# Guidelight White



## giansiro (Mar 26, 2015)

I found this deal online for Safely Transforms your Outlet Cover Plate into a Convenient Night Light.

Easy-to-install sleek, and energy-efficient design.


http://www.lowvoltagesupply.com/dealoftheday.asp.


Is this worth $13.5? Is anyone used them before, I would appreciate any advise.

Thank you.


----------



## giansiro (Mar 26, 2015)

My second question is :If it requires no wires or batteries where does it get its power? There's wires in there, or witchcraft?


----------



## mbednarik (Oct 10, 2011)

Magic I don't know. Should buy one and check it out.


----------



## B-Nabs (Jun 4, 2014)

Looks to me like there are tabs that stick out from the back of the plate that make contact with the terminals on the sides of the receptacle.

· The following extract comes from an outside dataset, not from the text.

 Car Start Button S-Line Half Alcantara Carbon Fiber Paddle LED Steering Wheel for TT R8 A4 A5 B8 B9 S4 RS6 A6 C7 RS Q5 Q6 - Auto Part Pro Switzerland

Sent from my SM-G920W8 using Tapatalk


----------



## GrayHair (Jan 14, 2013)

giansiro said:


> My second question is :If it requires no wires or batteries where does it get its power? There's wires in there, or witchcraft?


Wondered about that myself initially. Tabs on the back of the plastic plate contact the screws on the outlet. Snap's USB unit is the same way.


----------



## giansiro (Mar 26, 2015)

I bought 2 pcs and LOVE them! they are perfect for at the top and bottom of our stairs and down a hallway. for sure we will buy more.


----------